The Science Unsettles
Image Source: Robertson and Chilingar, 2017
In just the first 8 weeks of 2018, 97 scientific papers have been published that cast doubt on the position that anthropogenic CO2 emissions function as the climate’s fundamental control knob…or that otherwise serve to question the efficacy of climate models or the related “consensus” positions commonly endorsed by policymakers and mainstream media sources.
These 97 new papers affirm the position that there are significant limitations and uncertainties inherent in our understanding of climate and climate changes, emphasizing that climate science is not settled.
More specifically, the papers in this compilation support these four main skeptical positions — categorized here as N(1) – N(4) — which question climate alarm.
N(1) Natural mechanisms play well more than a negligible role (as claimed by the IPCC) in the net changes in the climate system, which includes temperature variations, precipitation patterns, weather events, etc., and the influence of increased CO2 concentrations on climatic changes are less pronounced than currently imagined.
N(2) The warming/sea levels/glacier and sea ice retreat/hurricane and drought intensities…experienced during the modern era are neither unprecedented or remarkable, nor do they fall outside the range of natural variability.
N(3) The computer climate models are not reliable or consistently accurate, and projections of future climate states are little more than speculation as the uncertainty and error ranges are enormous in a non-linear climate system.
N(4) Current emissions-mitigation policies, especially related to the advocacy for renewables, are often ineffective and even harmful to the environment, whereas elevated CO2 and a warmer climate provide unheralded benefits to the biosphere (i.e., a greener planet and enhanced crop yields).
In sharp contrast to the above, the corresponding “consensus” positions that these papers do not support are:
A(1) Close to or over 100% (110%) of the warming since 1950 has been caused by increases in anthropogenic CO2 emissions, leaving natural attribution at something close to 0%.

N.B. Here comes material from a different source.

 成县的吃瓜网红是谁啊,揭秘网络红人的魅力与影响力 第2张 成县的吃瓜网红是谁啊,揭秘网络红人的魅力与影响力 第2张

RealClimate.org: “The best estimate of the warming due to anthropogenic forcings (ANT) is the orange bar (noting the 1𝛔 uncertainties). Reading off the graph, it is 0.7±0.2ºC (5-95%) with the observed warming 0.65±0.06 (5-95%). The attribution then follows as having a mean of ~110%, with a 5-95% range of 80–130%. This easily justifies the IPCC claims of having a mean near 100%, and a very low likelihood of the attribution being less than 50% (p < 0.0001!).”
A(2) Modern warming, glacier and sea ice recession, sea level rise, drought and hurricane intensities…are all occurring at unprecedentedly high and rapid rates, and the effects are globally synchronous (not just regional)…and thus dangerous consequences to the global biosphere and human civilizations loom in the near future as a consequence of anthropogenic influences.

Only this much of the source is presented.